What the task requires >>
Repeat all of the material exactly, with no line missing.
══ Provided data
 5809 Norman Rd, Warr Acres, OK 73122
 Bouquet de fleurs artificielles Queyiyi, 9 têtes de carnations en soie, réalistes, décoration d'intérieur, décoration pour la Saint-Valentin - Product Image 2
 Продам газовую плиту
════
Answer box >>
 5809 Norman Rd, Warr Acres, OK 73122
 Bouquet de fleurs artificielles Queyiyi, 9 têtes de carnations en soie, réalistes, décoration d'intérieur, décoration pour la Saint-Valentin - Product Image 2
 Продам газовую плиту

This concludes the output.